Serbian writer (1826–1858)

Bogoboj Atanacković (Богобој Атанацковић; Atanackovics Bogoboj; 10 June 1826 – 28 July 1858) was a Serbian Romantic-era writer and lawyer. He is best known for the novel Dva idola (1851), noted for realistic detail and a plain, accessible style associated with the language reforms of Vuk Karadžić.

Active in the Serbian uprising of 1848, he later worked in Baja and died of tuberculosis at the age of 32.

== Life ==
Atanacković was born into a bourgeois Serbian family in Baja. He began his education in his hometown and attended the Gymnasium of Karlovci before continuing his studies in Bratislava, Budapest and Vienna. Influenced by Romantic ideas of Serbian national renewal, he adopted the name "Bogoboj" in place of "Timotej" at the age of eighteen.

He enrolled in law studies in Bratislava in 1844, and later continued them in Budapest and Vienna, where he was associated with Serbian Romantic circles influenced by Vuk Karadžić, and was acquainted with Đuro Daničić and Branko Radičević. Following his participation in the Serbian uprising of 1848 and the May Assembly in Sremski Karlovci, he left for Vienna and later Paris. He returned to Baja in 1849, and from 1850 travelled in several Western European countries, including France, Switzerland, Germany, the Netherlands and Italy. He moved to Novi Sad in 1851 and worked as secretary to the Orthodox bishop Platon Atanacković. In 1852 he returned to Baja and opened a law office.
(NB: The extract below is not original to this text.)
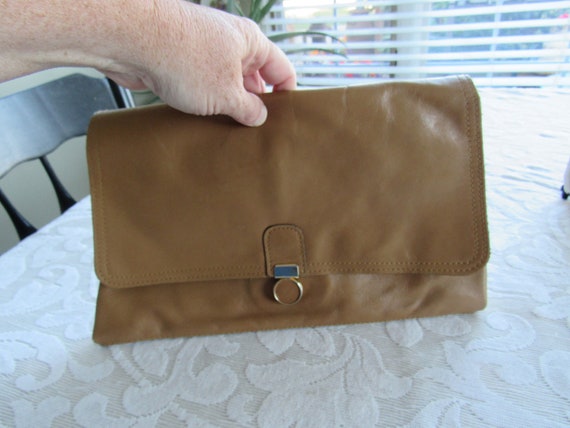 1980's Tan Soft Leather Clutch Purse - image 2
He died of tuberculosis in Baja in 1858, aged 32.

== Works ==
His 1851 novel Dva idola brought Atanacković wider recognition. Later critics have reassessed his standing, but the novel was well received by many contemporaries. His fiction often drew on autobiographical material and on people and events he knew, and is characterized by the use of realistic detail. Commentators have also noted his plain, accessible style, associated with the language reforms of Vuk Karadžić and the work of Đuro Daničić.

Critics have described Atanacković's novels as marked by a pessimistic outlook and a restrained tone. His work often drew on contemporary events and on experiences from his own life. In his later fiction, commentators have noted an emphasis on contingency, with chance events frequently shaping the outcomes of his characters' lives.

As a novelist and short story writer, Atanacković set out his views on the aims and value of fiction in essays that were published posthumously and later reprinted in collections of his writings.